• _Raw data_
────────────────────
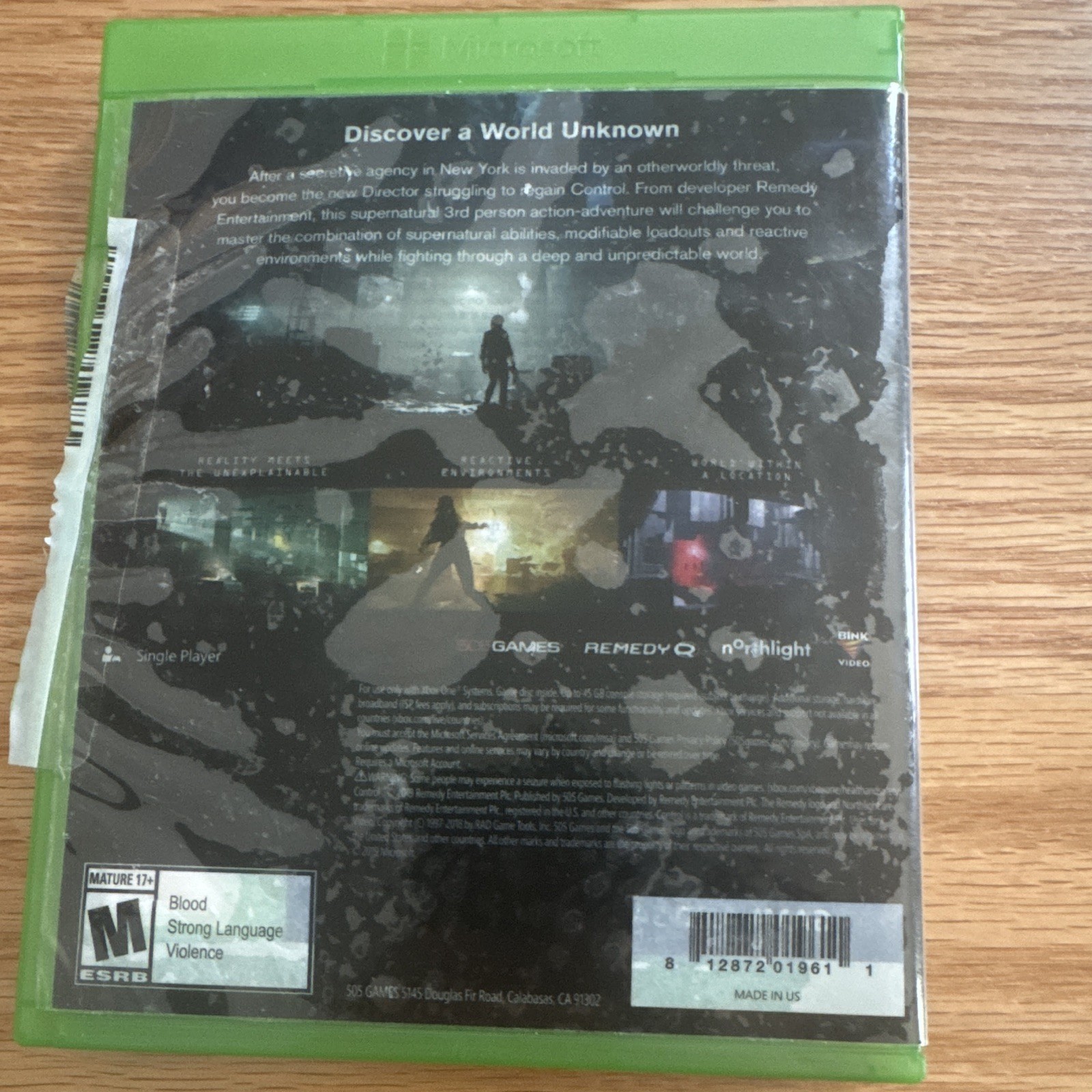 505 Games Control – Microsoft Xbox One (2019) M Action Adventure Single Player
────────────────────
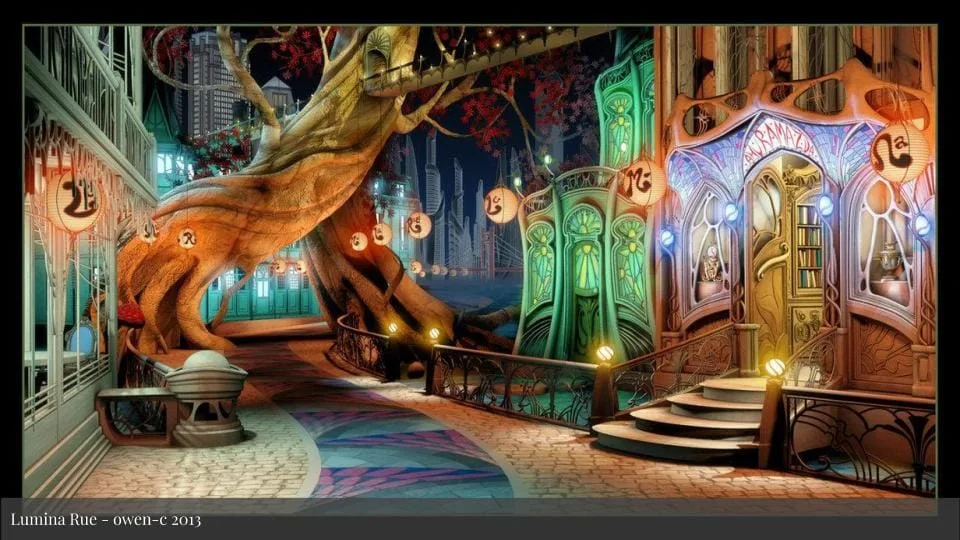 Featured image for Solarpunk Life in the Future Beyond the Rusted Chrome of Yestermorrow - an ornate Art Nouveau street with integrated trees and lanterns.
────────────────────
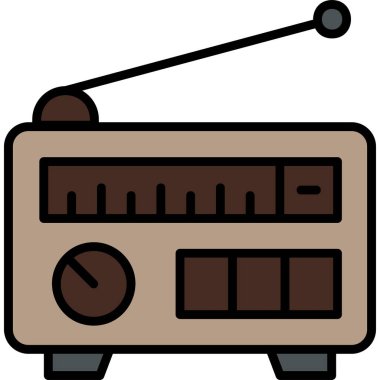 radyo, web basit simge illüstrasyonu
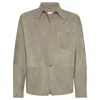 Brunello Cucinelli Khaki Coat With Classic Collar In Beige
────────────────────
• _Task statement_
The answer is those lines of the material above that run from the one containing "radyo, web basit simge illüstrasyonu" up to and including the one containing "Brunello Cucinelli Khaki", restated exactly and without images.

• _Response area_
 radyo, web basit simge illüstrasyonu
 Brunello Cucinelli Khaki Coat With Classic Collar In Beige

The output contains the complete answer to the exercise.